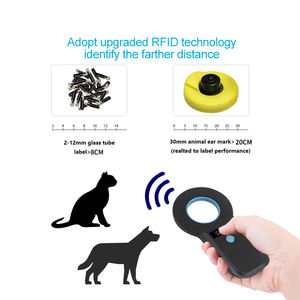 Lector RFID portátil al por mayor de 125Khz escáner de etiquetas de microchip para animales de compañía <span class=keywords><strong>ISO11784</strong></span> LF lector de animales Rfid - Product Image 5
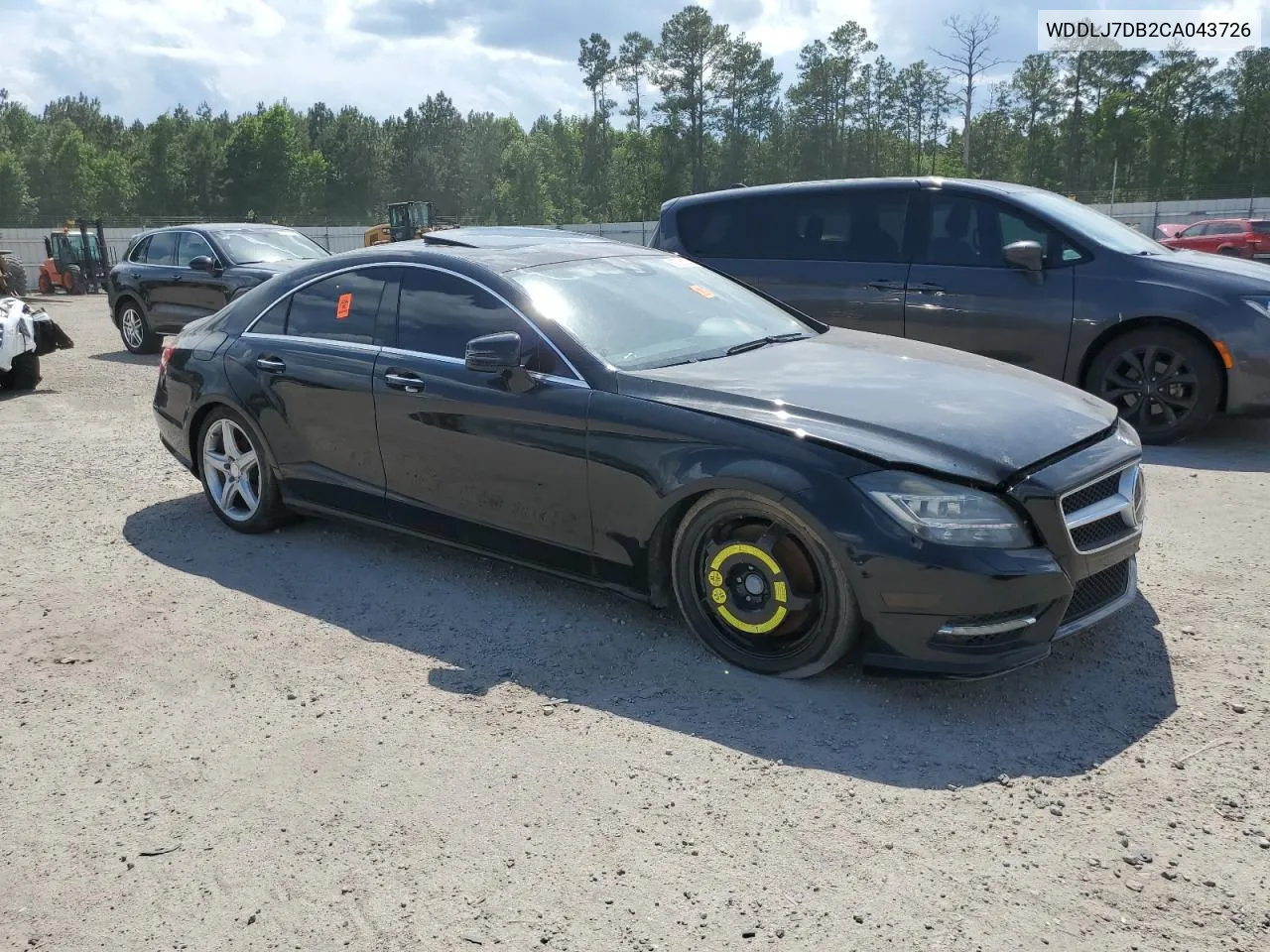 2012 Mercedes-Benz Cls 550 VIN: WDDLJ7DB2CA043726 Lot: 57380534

* * * * * * * * *

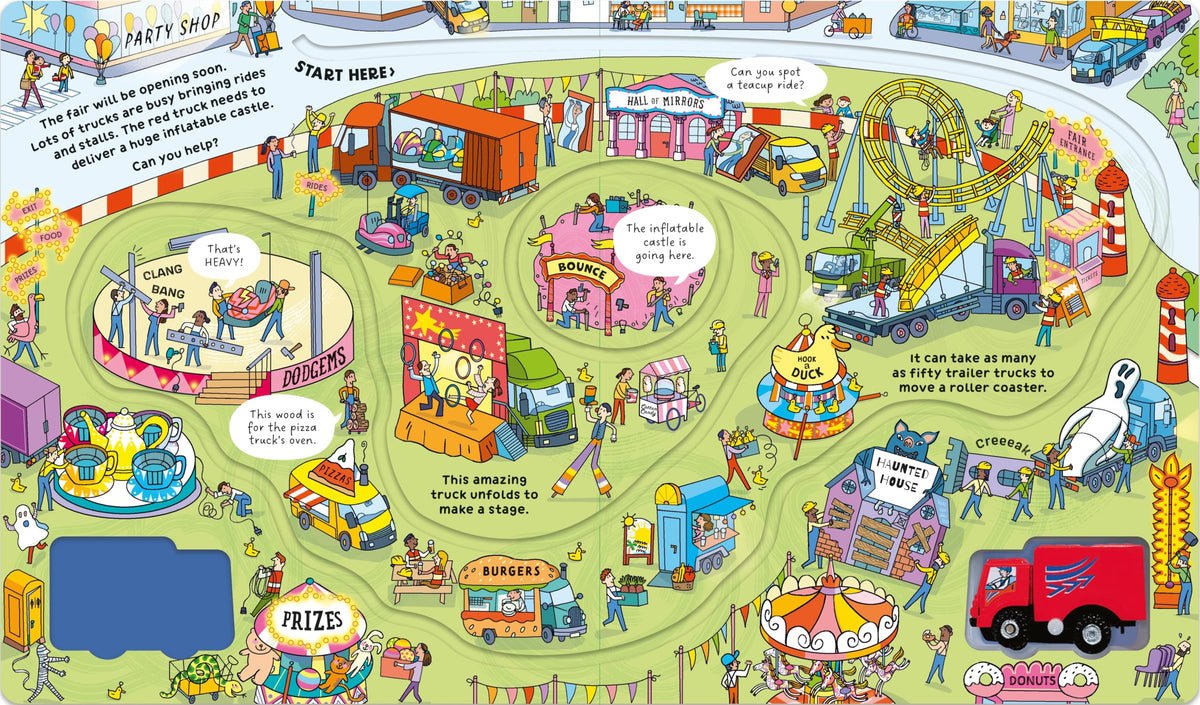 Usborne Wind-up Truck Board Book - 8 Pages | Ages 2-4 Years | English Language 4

* * * * * * * * *

◆ Prompt: Take only the lines above from the one that has "Lector RFID portátil" through the one that has "2012 Mercedes-Benz Cls" and reproduce them exactly, omitting any pictures.

◆ The completed task:
 Lector RFID portátil al por mayor de 125Khz escáner de etiquetas de microchip para animales de compañía <span class=keywords><strong>ISO11784</strong></span> LF lector de animales Rfid - Product Image 5
 2012 Mercedes-Benz Cls 550 VIN: WDDLJ7DB2CA043726 Lot: 57380534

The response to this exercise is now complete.